Tappa 20 – da Belluno alla Marmolada

    • Due fortissime atlete incontrate tra partenza e arrivo: Stefania Constantini e Marta Cavalli. La prima, bellunese, mentre si aggira nei pressi della partenza. Avrei voluto fermarla per dirle che non mi sono perso una sua partita alle Olimpiadi e che pochi giorni prima, se ci siamo fermati al PalaCurling di Cembra, un po’ è stata colpa sua. Cavalli, invece, stava cercando posto nell’affollatissimo parcheggio di Passo Fedaia, ovvero un campo scosceso nei pressi del lago.

    • Ben Tulett ha le migliori ciglia del Giro e se ne va da ogni intervista salutando con «cheers!».

    • Uno sguardo che non dimenticherò: quello di Pavel Sivakov dopo l’arrivo, quando scopre che il suo capitano, Richard Carapaz, per il quale ha lavorato tanto non solo sulla Marmolada, un minuto e mezzo non lo ha guadagnato, ma lo ha perso da Hindley.

    • Villa Buzzati, a Belluno, è uno dei posti più belli d'Italia. Il suo profilo è stampato su una serie di segnalibri, che la nipote Valentina ci ha ricomposto sotto gli occhi su un tavolo della villa.

Tappa 21 – Verona

    • Mostro a Chris Hamilton un video appena twittato da Nico Denz, suo compagno di squadra, in cui vengono mostrate tante birre al fresco. «Quante ne berrai stasera Chris?» gli domando, e la risposta in forte accento australiano mi spiazza: «How long is a piece of string?». Non conoscevo il modo dire, che equivale sostanzialmente a tante.

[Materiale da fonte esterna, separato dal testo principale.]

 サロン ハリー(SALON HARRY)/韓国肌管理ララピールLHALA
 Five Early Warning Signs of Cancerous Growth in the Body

    • Oltre ad essere un ciclista fortissimo, Alessandro Covi è un figo. Per il modo in cui si comporta, a metà tra il bonario e il cazzone, e per il modo in cui vive, senza prendersi sul serio. Il taglio di capelli, per esempio, è davvero assurdo e non posso non chiedergli da dove viene: è opera del fotografo della squadra, «particolare dai, come le scarpe» che indossa, una bianca e una nera.

    • Un altro sguardo che non dimenticherò: quello del collega Stephen Farrand, quando gli chiedo chi sia quella persona che tutti vogliono intervistare. Mi guarda un po’ di traverso, con l’aria del Maestro Shifu deluso da Po, allarga leggermente le braccia desolato e dice: «ma Michele, come non lo sai, è Luca Guercilena». Anche Guercilena – giuro – lo incontrerò mesi più tardi sull’Alpe d’Huez. Dove mi offrirà un taco.

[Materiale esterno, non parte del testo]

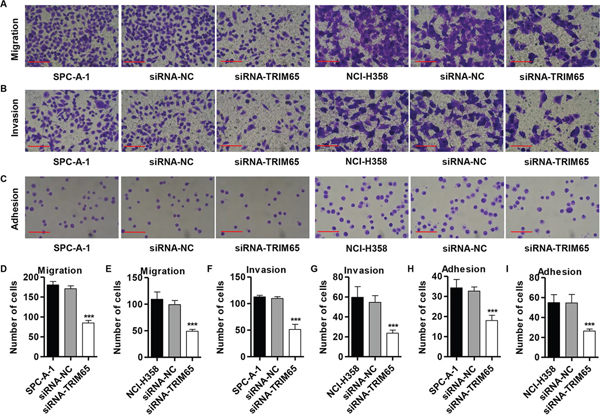Knockdown of TRIM65 inhibits migration, invasion and adhesion in human lung cancer cell lines.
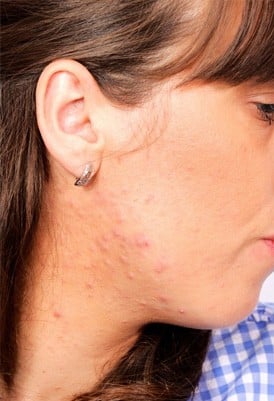 acne treatment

    • Alla fine dell’ultima conferenza stampa, alla maglia rosa vengono fatte firmare tante maglie rosa. Jai Hindley manovra il pennarello con la mano sinistra. Esiste un conteggio di vincitori del Giro mancini? Hindley non dovrebbe essere il primo: è il 71° vincitore diverso del Giro e circa il 10% della popolazione mondiale è mancina. Non sapendo assolutamente nulla di loro, suona più mancino Roberto Visentini o Andrew Hampsten? Non penserò ad altro, oggi.